IHU On-Line – O senhor votou na Heloísa Helena no primeiro turno. O que o senhor esperava dela para a economia do Brasil?

João Sicsú
– Eu esperaria, primeiramente, que ela tivesse feito uma campanha mais concentrada na mudança do modelo econômico. Não tenho a menor dúvida de que o Brasil precisa mudar em quase todas as áreas: fazer uma revolução na saúde, na educação, na cultura, mas o nó é o orçamento do governo, é o desenvolvimento econômico. Com o orçamento mais folgado e com desenvolvimento econômico, abre-se espaço para a revolução nessas áreas. Heloísa Helena deveria ter concentrado a sua campanha na necessidade de mudar o modelo econômico. O Brasil não vai mudar com bolsa família, com o Prouni, com microcrédito, com crédito consignado; todos esses programas são bem vindos. O Brasil vai mudar no dia que gerar milhões de empregos, o dia que o governo conseguir ter uma boa arrecadação, uma reduzida despesa de juros e, portanto, ele terá um orçamento folgado para revolucionar a saúde, a educação, a cultura. E só olhar para os países em desenvolvimento e perceber que todas as mudanças nas áreas educacionais, da saúde etc., que eles fazem, podem fazer porque o governo pode gastar. 

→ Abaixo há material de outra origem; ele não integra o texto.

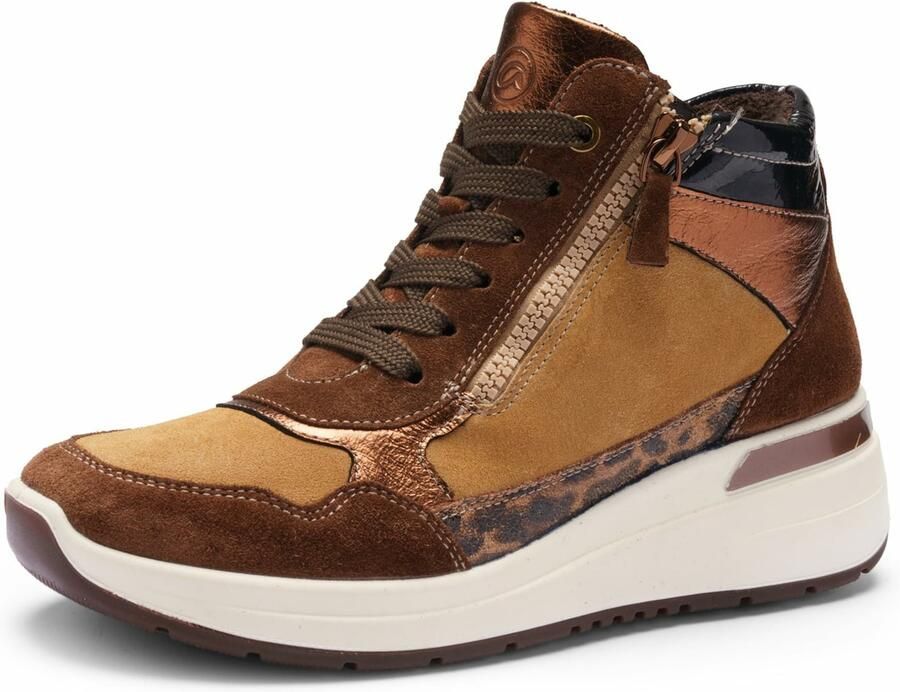 ARA Sneakers laag bruin cappuccino brons zwart - Foto 2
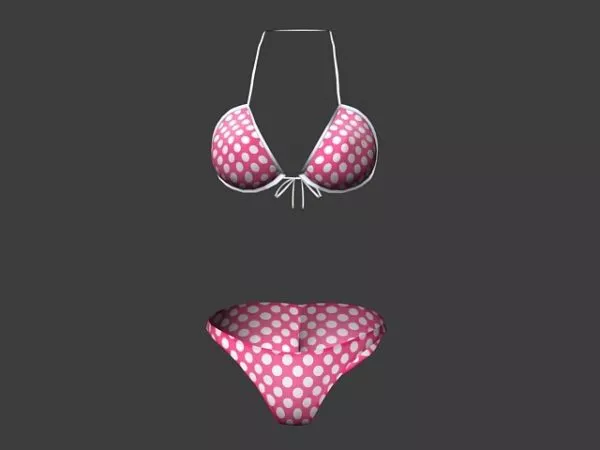 Sport Swimsuit Girl 3d model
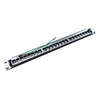 1U 24 Ports FTP Blank Ethenet Copper Patch Panel with Shutter and Earthing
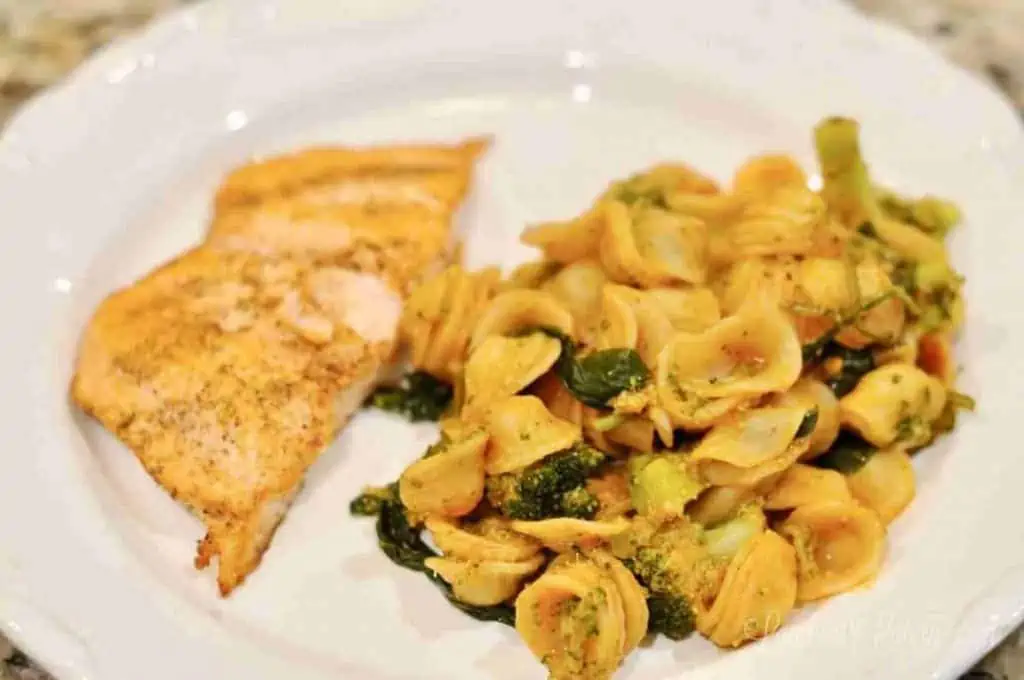 prepared meal on a plate
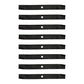 (8) Mulching Lawn Mower Blades 5pt Star Fits Sears Fits Craftsman 134149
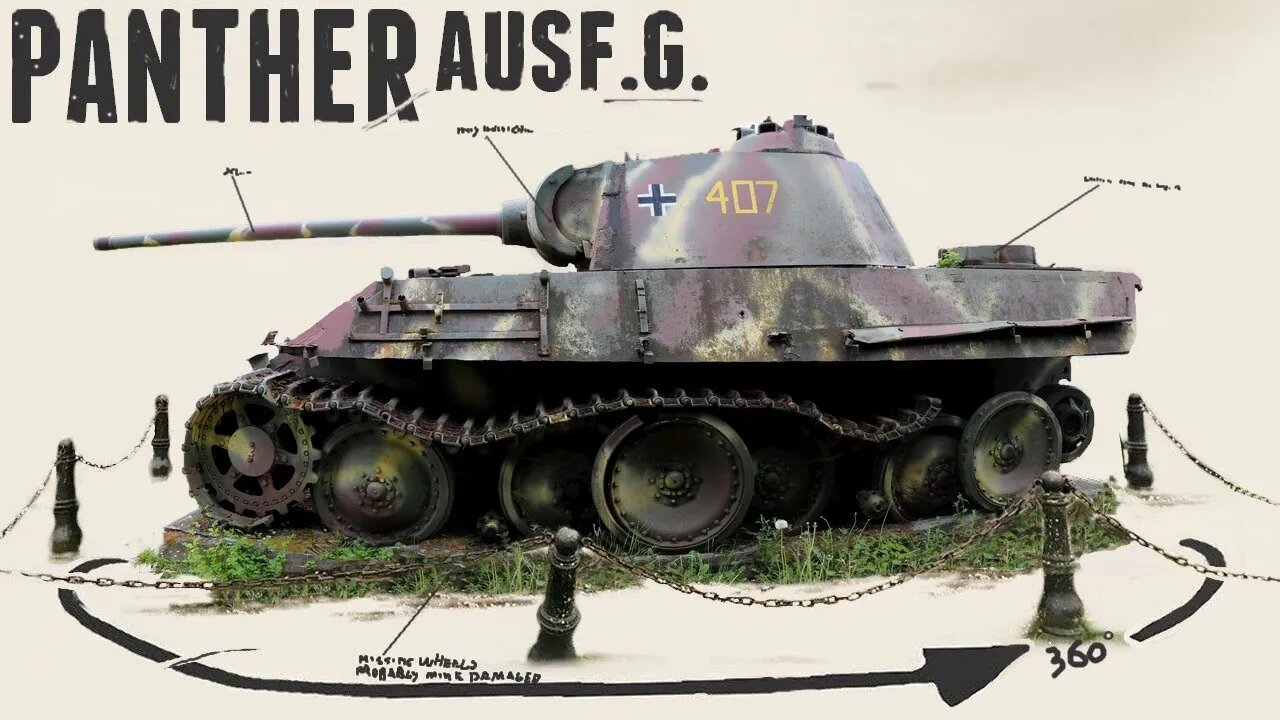 Panther Ausf.G. - Grandmenil - Walkaround.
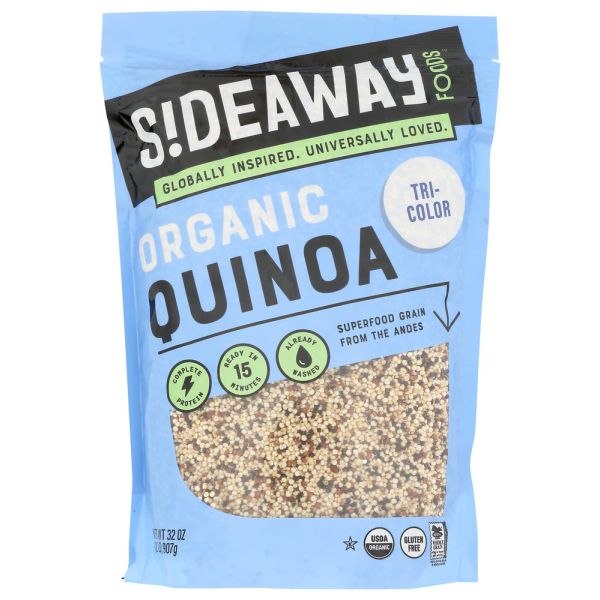SIDEAWAY FOODS: Organic Quinoa Tri Color, 32 oz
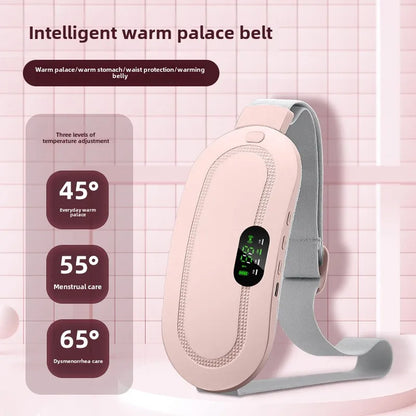 Menstrual Heating Belt for Period Pain - Adjustable Wireless Heating Pad with Massage Function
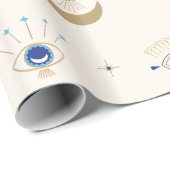 Evil Eye en Third Eye Patroon Inpakpapier (Rol Hoek)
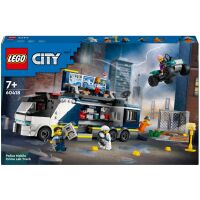 Klocki LEGO City Policyjna ciężarówka z laboratorium kryminalnym 60418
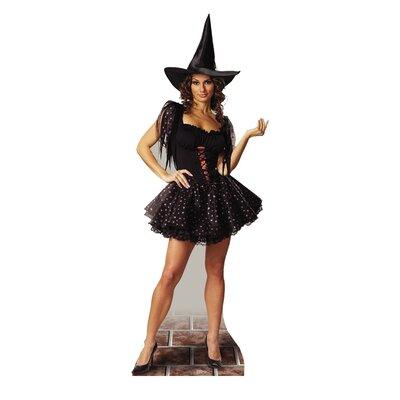 Advanced Graphics Glitter Witch Cardboard Stand-Up | 81 H x 31 W in | Wayfair #809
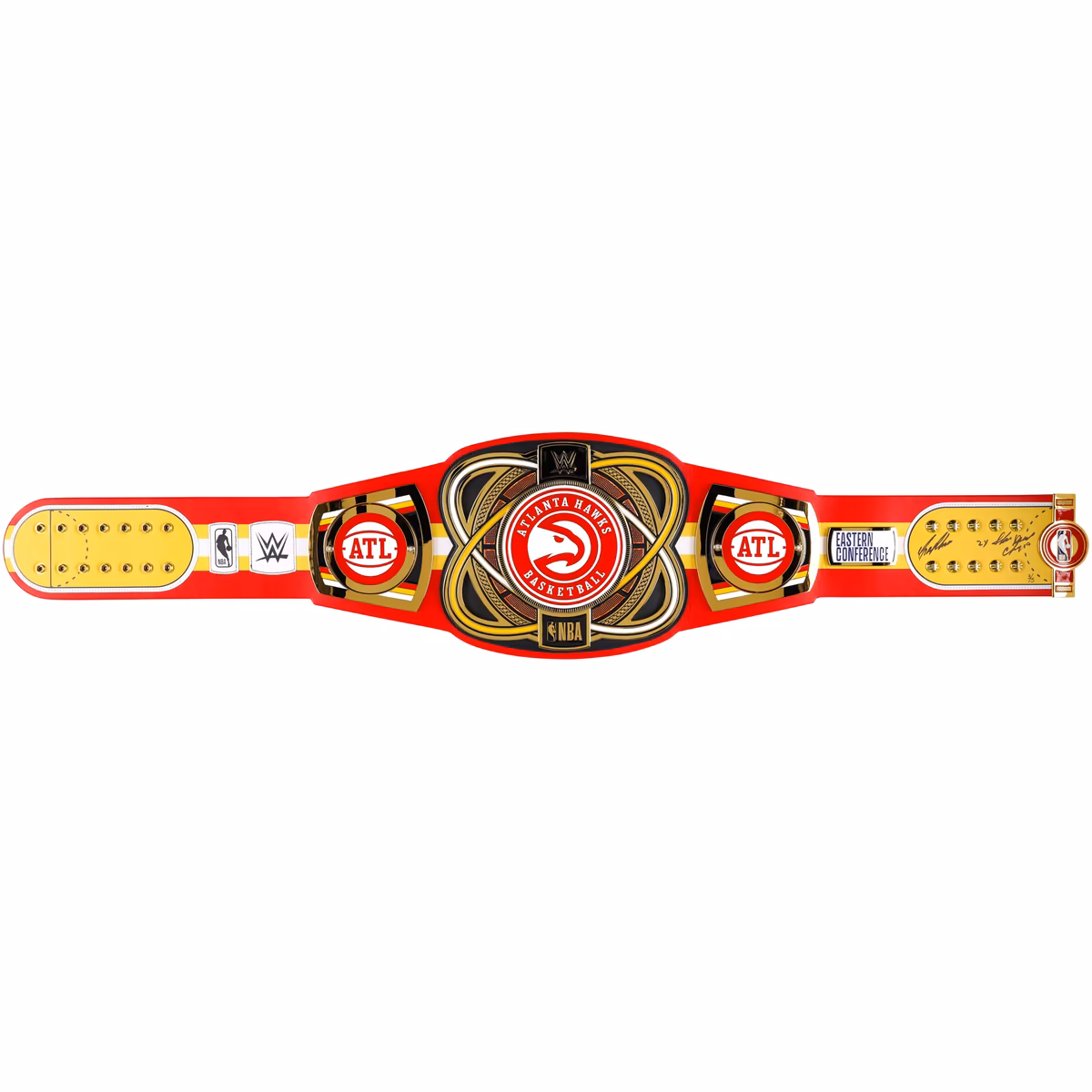 Dominique Wilkins Atlanta Hawks Autographed WWE Legacy Title Belt with "2X Slam Dunk Champ" Inscription - Limited Edition of 5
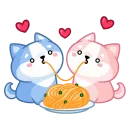 Стикер Йоши и Рики Без Текста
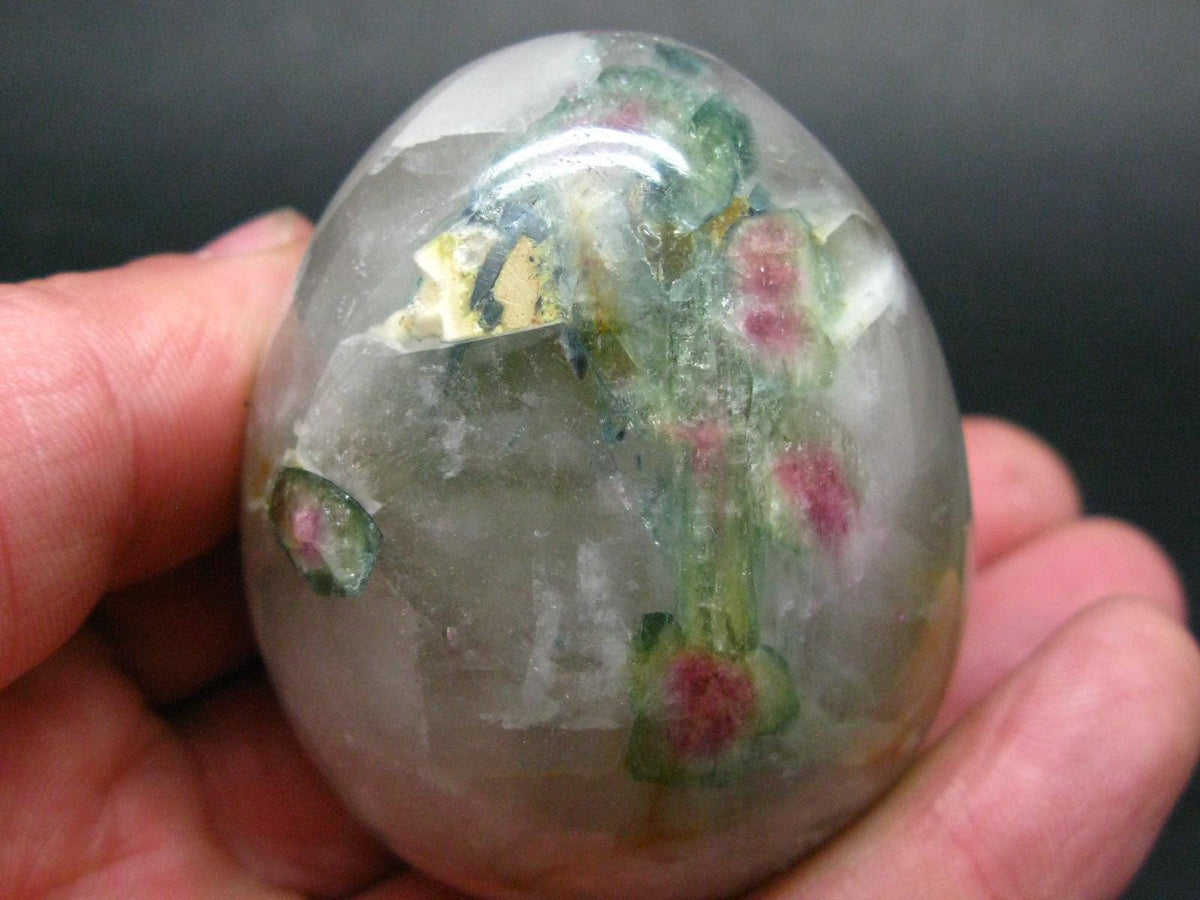 Watermelon Tourmaline Egg From Brazil - 2.5" - 196.33 Grams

IHU On-Line – O que é ser de esquerda hoje em dia?

João Sicsú
– Ser de esquerda é defender uma sociedade e uma economia com igualdade de oportunidades, com direito universalizado ao emprego e com uma justa distribuição da renda e da riqueza. Em outras palavras, considero-me de esquerda porque sou um radical defensor do acesso universalizado à educação, ao sistema de saúde, à cultura, ao lazer, ao trabalho e com amplas liberdades políticas e de expressão.

IHU On-Line – O senhor escreveu um artigo chamado Rumos da liberalização financeira, quais são as principais idéias do artigo?

João Sicsú
– O governo Lula vem aprofundando a liberalização financeira que o País iniciou em 1992. FHC deu muitos passos nessa direção e o governo Lula vem contribuindo e aprofundando a liberdade para os capitais. Liberalização financeira significa liberdade para os capitais para entrar e sair do País. Esperávamos que o governo Lula estancasse o processo. Com essa liberdade para os capitais se movimentarem, além do problema econômico, trazem para o País uma questão fundamental a ser discutida pela sociedade, referente ao funcionamento da nossa democracia, pois capitais livres no País passam a ter poder político, passam a ter mais força e peso que a própria sociedade. Capitais com liberalização financeira podem causar a qualquer momento uma crise cambial. Liberalização financeira significa dizer que os capitais estão livres para sair na quantidade e momento que desejam. Isso significa dizer que qualquer tentativa de mudança política interna pode ser rejeitada pelos capitais. Eles podem vetá-la, realizando uma fuga do País e, em conseqüência, uma crise cambial. Quem decide se vai ter crise ou não, são 30, 40, 50 analistas financeiros. Enquanto a sociedade vota de quatro em quatro anos, os capitais vetam decisões todos os dias. Bancos e instituições financeiras ganharam poder político no Brasil. A sociedade perdeu poder político. A ela são oferecidos processos eleitorais que não podem mudar nada. Processos eleitorais, portanto, sem a sua essência: que é a possibilidade de mudança.

IHU On-Line – Lula ou Alckmin para presidente?

João Sicsú
– Vou usar uma figura metafórica. O Alckmin vai nos colocar no abismo, Lula nos colocou à beira dele. Da beira do abismo ainda é possível escapar, de dentro dele é muito mais difícil.